Science and Faith

While on a lecture tour in Australia a few years ago, I had the pleasure of being a guest at the home of Sir Peter Lawler, former ambassador to the Vatican from Ireland. His position of diplomatic privilege had allowed him, upon occasion, to interact on personal terms with Pope John Paul II.



One statement in particular that the Holy Father conveyed to him stood out in Sir Peter’s mind: “The pope said to me with considerable earnestness,” my genial host informed me, “don’t make an idol of science.”

Pope John Paul II has a way of being able to communicate to the whole world, even when speaking to a single person. His warning has a firm foundation. Society makes an idol of science whenever it teaches that science is not only our highest source of truth, but also its only source. “We now live,” as playwright Arthur Miller has expressed it, “in an air-conditioned nightmare.” “Why,” the existentialist Albert Camus asked, “has the Enlightenment led to the Blackout?” We are strong in the face of things, but neglectful of persons; technologically sophisticated, but morally adolescent.

In June 1980, in his address at United Nations Educational, Scientific, and Cultural Organization (UNESCO), the pope stated that “Men and women of science will truly aid humanity only if they preserve the sense of the transcendence of the human person over the world, and of God over the human person.” We find in this brief sentence not only an affirmation of the Holy Father’s respect for science and regard for humanity, but his recognition that the former can serve the latter only if it does not absorb it into itself. Science should serve humanity, not dominate it.

The Catholic Church is not against science. What it is against is turning science into an idol, and consequently using science as a way of oppressing humanity and opposing the unique and transcendent value of the human person.

A synonym for the Age of Science is the Age of Anxiety. Under the weight of science, the world has experienced the diminishment of man. In filling his head with facts, man has bled his life of wisdom. Edna St. Vincent Millay made note of this phenomenon several decades ago when she made the following comment:

Upon this gifted age,

in its dark hour,

Rains from the sky

a meteoric shower

Of facts…they lie

unquestioned, uncombined.

Wisdom enough

to leech us of our ill

Is daily spun,

but there exists no loom

To weave it into fabric.

The pope understands the importance of this “loom” which integrates knowledge in the context of wisdom. He does not use the word “loom.” Rather, he refers to it as the “heart of the Church.” He begins his statement on higher education, Ex Corde Ecclesiae, by reminding us that, historically, it was from the “heart of the Church” that Catholic education was born.
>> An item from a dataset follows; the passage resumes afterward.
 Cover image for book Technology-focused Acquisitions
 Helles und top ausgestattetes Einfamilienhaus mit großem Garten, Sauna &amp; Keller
The mind separates through analysis and the heart integrates through comprehension. When science becomes an idol, the world becomes fractionalized. Science and faith, mind and body, facts and values, reason and emotion become alienated from each other. Cartesian dualism becomes triumphant and the “heart of the Church” lies dormant.
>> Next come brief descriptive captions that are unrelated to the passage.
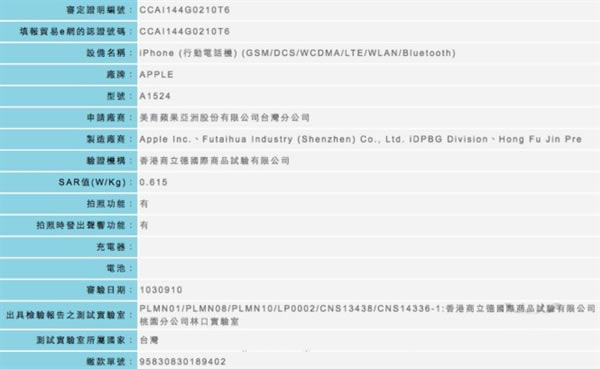 台版苹果iPhone 6要提前上市 台版苹果iPhone 6上市时间公布_苹果手机_手机学院_本站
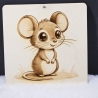 Holz Bild Maus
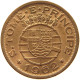 ST. THOMAS AND PRINCE 20 CENTAVOS 1962  #a014 0265 - Sao Tomé E Principe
Neurological researcher Antonio Damasio, for one, believes he has found scientific evidence that refutes this dichotomy. In his intriguing study, Descartes’ Error: Emotion, Reason, and the Brain, Damasio states: “Emotion may well be the support system without which the edifice of reason cannot function properly and may even collapse.”

Science does not validate its own initial assumptions. It does not explain, scientifically, how the cosmos got to be intelligible in the first place. It does not explain the natural affinity that exists between microcosm man and macrocosm world. Yet it cannot proceed without an abiding faith that the world is intelligible and orderly, and that man is a knower of reality and not merely a thinker of thoughts.
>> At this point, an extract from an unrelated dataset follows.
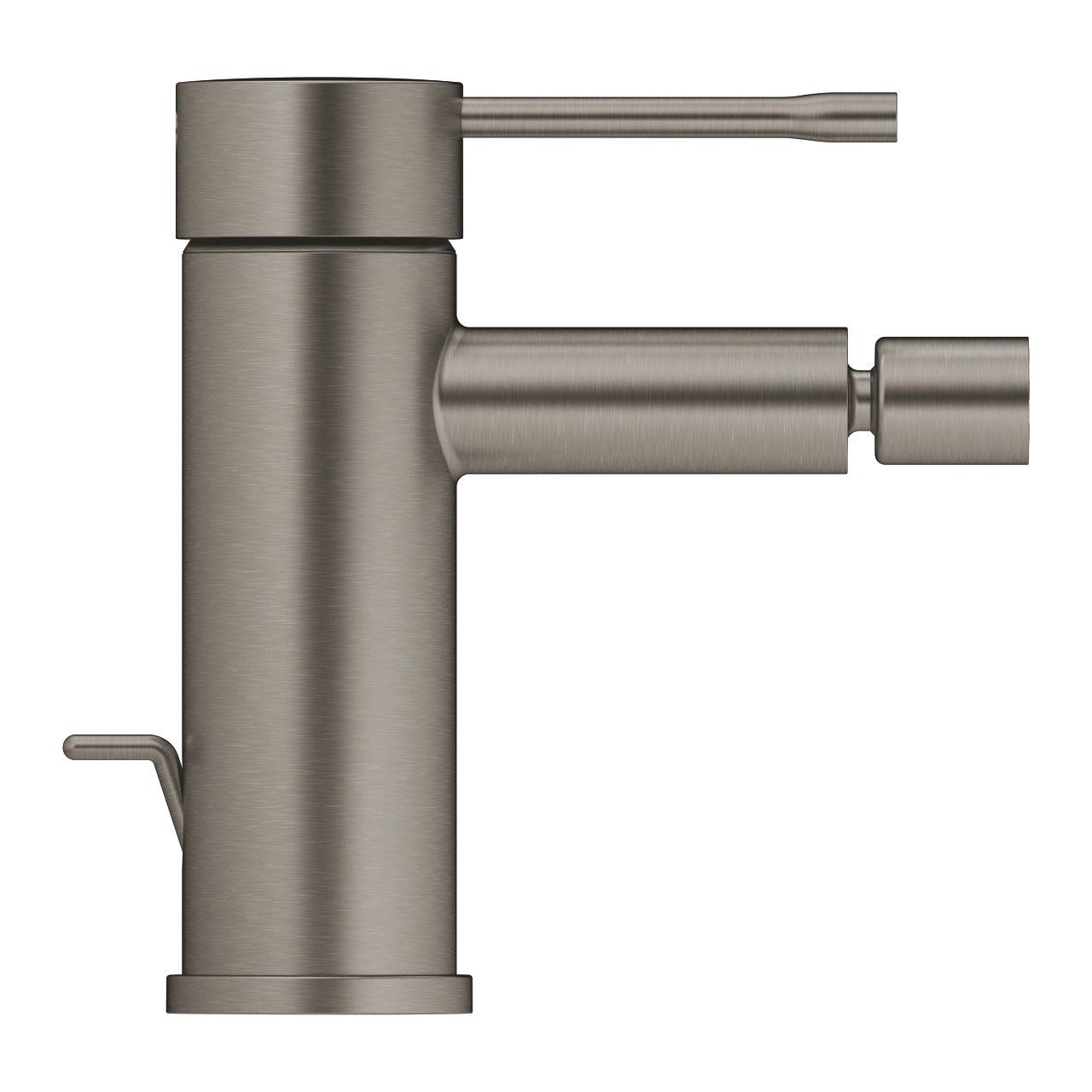 Смеситель для биде Grohe Essence Brushed Hard Graphite — 2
Albert Einstein once remarked in words that have an unmistakable Augustinian ring: “There are only two ways to live your life. One is as though nothing is a miracle. The other is as though everything is a miracle.” Science begins only after it has unscientifically accepted the miracle of the intelligible cosmos and its inherent implication of a transcendent force or Designer that lies beyond the stars. For this reason, Arthur Koestler has described scientists as Peeping Toms at the keyhole of eternity, an image which has an irresistible affinity with that of Catholic philosophers as Peeping Thomists at the window of the Eternal Law.

As we go forward in this new millennium, let us make this temporal journey with the abiding hope that the spiritual values which the idolization of science has suppressed for too long will re-emerge healthy.

Dr. DeMarco is a professor of philosophy at St. Jerome’s College in Waterloo, Ontario. He is the author of The Many Faces of Virtue and The Heart of Virtue

This article originally appeared in Lay Witness, a publication of Catholics United for the Faith, Inc., and is used by permission. Join Catholics United for the Faith and enjoy the many benefits of membership.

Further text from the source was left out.